I sold my '59 locally for $110 and it was much, much, much nicer than this.  These are pretty commonly bought in very nice condition for $200 or less.  Do not buy this one unless it looks like what you want it to look like....  _You can't make a silk purse out of a sows ear._


----------



## Rrogers1992 (Jan 1, 2014)

dougfisk said:


> I sold my '59 locally for $110 and it was much, much, much nicer than this.  These are pretty commonly bought in very nice condition for $200 or less.  Do not buy this one unless it looks like what you want it to look like....  _You can't make a silk purse out of a sows ear._




Ok thank you to everybody for your input/knowledge! I'm still having a toss up on if I want to make the long drive for it. This will be my fourth bike but my first Schwinn. I would like to have one that needs to be buffed out or worked on since I'm trying to learn how to recondition or restore. I have two 60s murray bicycles that I'm learning what things I like to make them look nice but I still have an itch for the real deal Schwinn! Once again thanks for your time.


----------



## jpromo (Jan 1, 2014)

Yeah, if you want a real Schwinn, then this one will disappoint. I've had a handful of Corvettes and all of them were bought between 75$ and 150$ in respectable to great condition. They're great bikes though; perfect vintage riders.


----------



## cyberpaull (Jan 1, 2014)

*Big no no*

Just my two cents. But you should not post a craigslist ad with all the info before your purchase is made. Even though most Gabers may not jump on this purchase out of respect, you never know. Good Luck.


----------



## bikecrazy (Jan 1, 2014)

Good advise, although I don't think any Cabers will be going after that bike. I like the shifter though, good addition to a 3 speed Rat bike project!


----------



## cyberpaull (Jan 1, 2014)

*parts*



bikecrazy said:


> Good advise, although I don't think any Cabers will be going after that bike. I like the shifter though, good addition to a 3 speed Rat bike project!

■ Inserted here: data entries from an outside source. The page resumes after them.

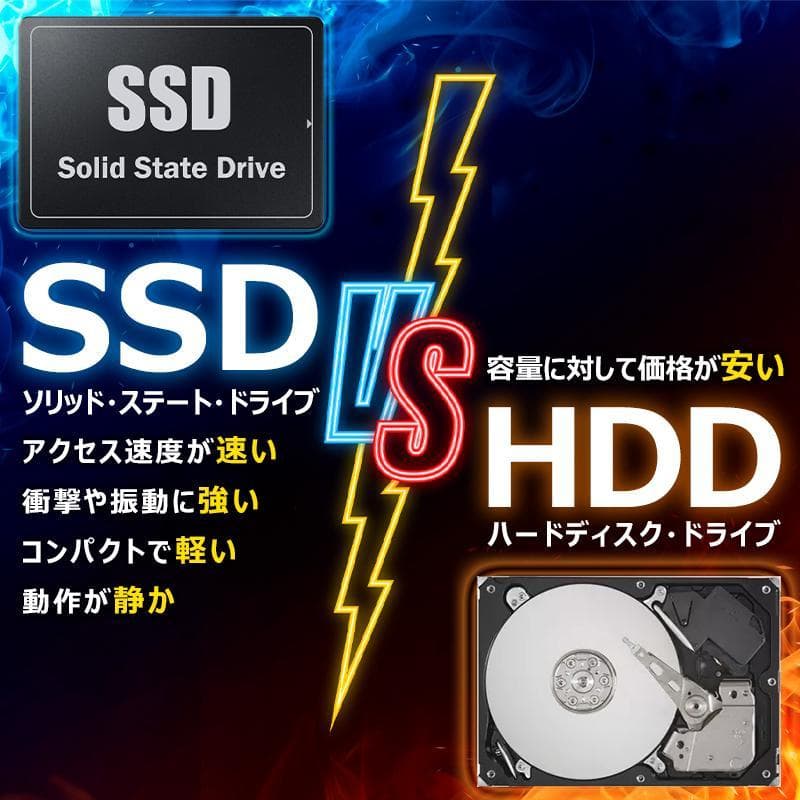 富士通 FMVD ESPRIMO D586/P　Core i7 6700 俊速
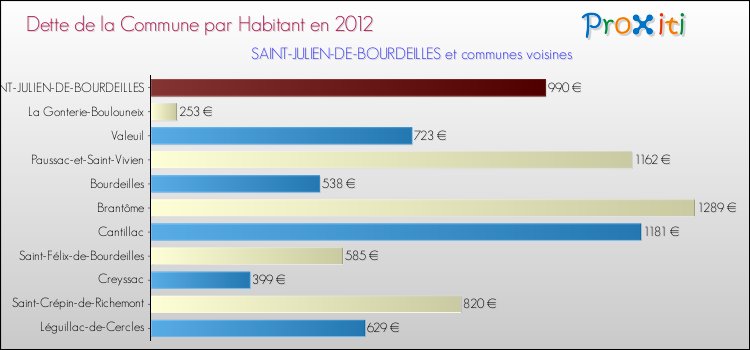 Dette par habitant de la commune en 2012 pour SAINT-JULIEN-DE-BOURDEILLES et les communes proches Comparaison de la dette par habitant de la commune en 2012 pour SAINT-JULIEN-DE-BOURDEILLES et les communes voisines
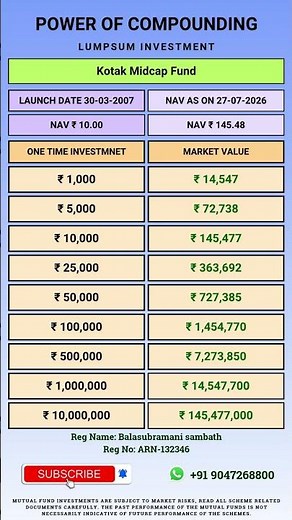 Power of Compounding Kotak Midcap Fund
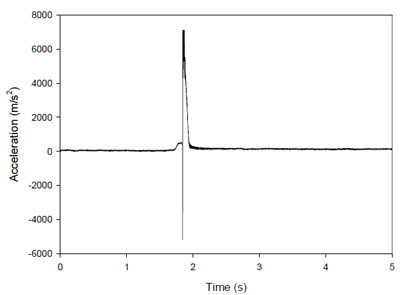 figure 48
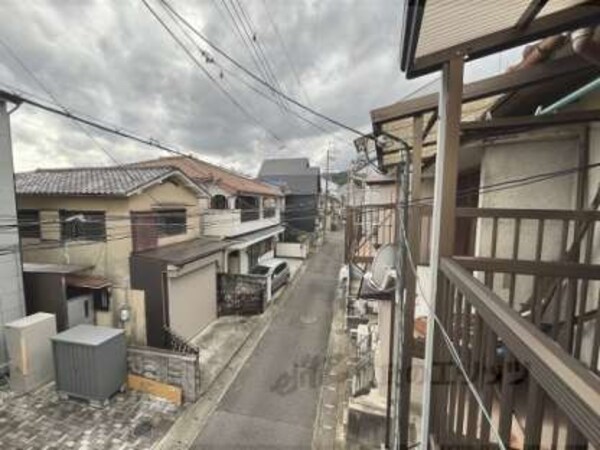 眺望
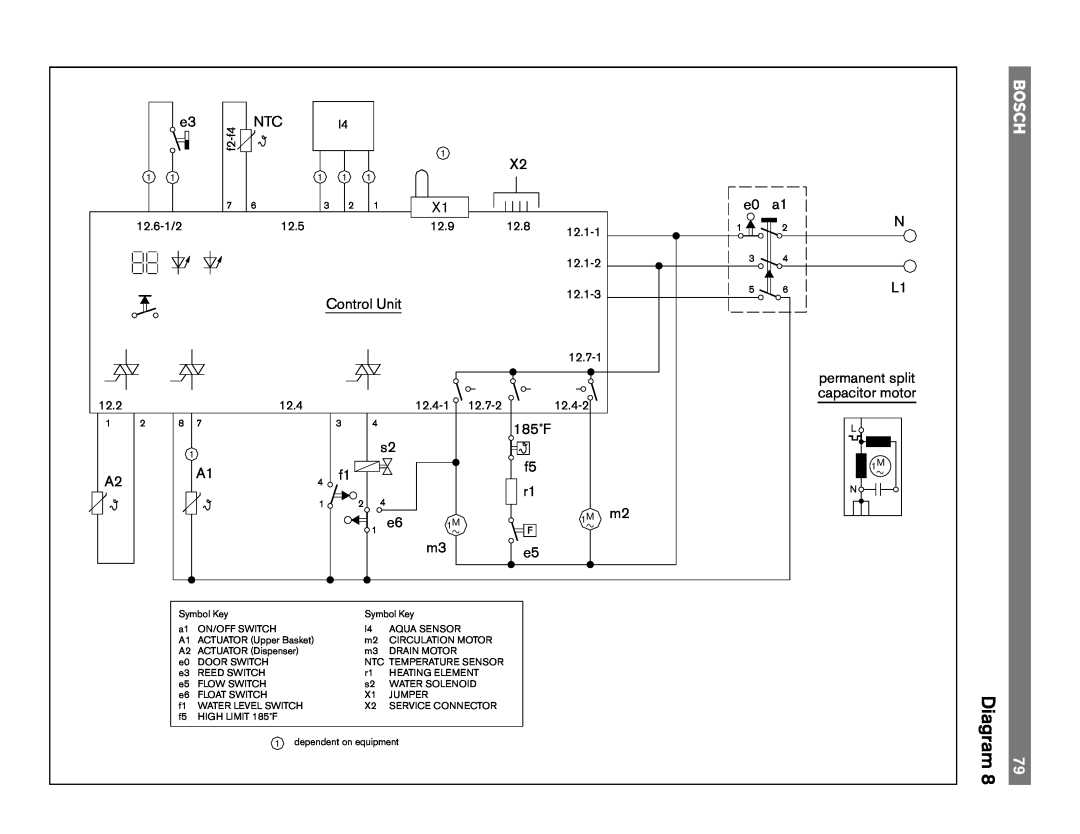 Bosch Appliances 4306, TRUE, 6806, 6805, 4302, 6802 manual Diagram, Control Unit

I would gladly pay the fifty for the parts. No doubt.


----------



## Rrogers1992 (Jan 1, 2014)

*Found a speedster!*



jpromo said:


> Yeah, if you want a real Schwinn, then this one will disappoint. I've had a handful of Corvettes and all of them were bought between 75$ and 150$ in respectable to great condition. They're great bikes though; perfect vintage riders.




I found a speedster that he believes is a 1952 or 53 and I think this is much more worth my time and money. Here are some pictures. Sorry they are upside down haha.


----------



## Rrogers1992 (Jan 1, 2014)

57 spitfire said:


> The Chainguard is 1954-58.what is the serial number?




He said the number on the rear stay is k8008 if that indicates anything on the first blue bike I posted.


----------



## island schwinn (Jan 1, 2014)

middleweight speedsters were only from 59-61 if i remember right.i didn't look up the serial number,but the handlebar stem looks like the 61 only type.
you can look up the serial numbers at http://www.angelfire.com/rant/allday101/SchwinnCodes1.html


----------



## cyberpaull (Jan 1, 2014)

*serial numbner*



Rrogers1992 said:


> He said the number on the rear stay is k8008 if that indicates anything on the first blue bike I posted.




That partial serial number could mean 1953 or 1958.


----------



## GTs58 (Jan 1, 2014)

If the seat is original to that "Corvette" bike then *it's a 1958*. One year only seat and if it's in nice condition it could be worth the asking price of the bike if it's cleaned up. That style of chainguard dates back to the late 30's and later 40's and 50's lightweights. When the new 1955 middleweights came out that guard was use on quite a few different models.

The Speedster is a 1961. The Vette is worth more.


----------



## Rrogers1992 (Jan 1, 2014)

GTs58 said:


> If the seat is original to that "Corvette" bike then *it's a 1958*. One year only seat and if it's in nice condition it could be worth the asking price of the bike if it's cleaned up. That style of chainguard dates back to the late 30's and later 40's and 50's lightweights. When the new 1955 middleweights came out that guard was use on quite a few different models.
> 
> The Speedster is a 1961. The Vette is worth more.




Alrighty thanks for the input! The speedster guy doesn't know a whole lot of what he has but he is gonna do some work on it and jack the price up.


----------